This is a criminal case where Defendant, a former Police Chief of Metro-North Commuter Railroad Company, has been indicted and charged with computer trespass in violation of Penal Law § 156.10(2), unauthorized use of a computer in violation of PL § 156.05), falsifying business records in the first degree in violation of PL § 175.10 and official misconduct in violation of PL § 195.00(1). A New York Criminal lawyer said that All charges arise from the alleged misuse of the New York State Police Information Network (NYSPIN), a computer system containing individual criminal histories. Defendant moves for an order seeking dismissal of the indictment on multiple grounds.

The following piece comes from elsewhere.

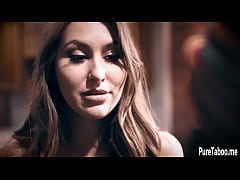 Play MP4 - Horny brunette teen used big dildo and played with MILF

A public servant, to be guilty of official misconduct, must intend to obtain a benefit to himself. While PL § 10.00(17) defines a benefit as “including a gain or advantage to [another] person”, a fair reading of these words compels the conclusion that the benefit to another person must be at least indirectly of benefit to the accused, as, for example, a benefit to the accused’s family, to a friend or to the accused’s business., by using the words “and includes” rather than the word “or” limits “benefit” to a gain or advantage to the beneficiary.
There is nothing in the case law that contradicts this construction of PL § 195.00. In 1969, an upstate trial court recited the history of the statute and its predecessor provisions and held that the crime of official misconduct requires “[a] culpable motive which must be directly connected with the duty which the public servant violated and such motive must be of a venal nature”. It is a specific intent to obtain a benefit or to injure another person or deprive another person of a benefit”. A few courts have fleshed out the statutory definition of “benefit” in the context of bribery and bribe receiving under Penal Law Article 200.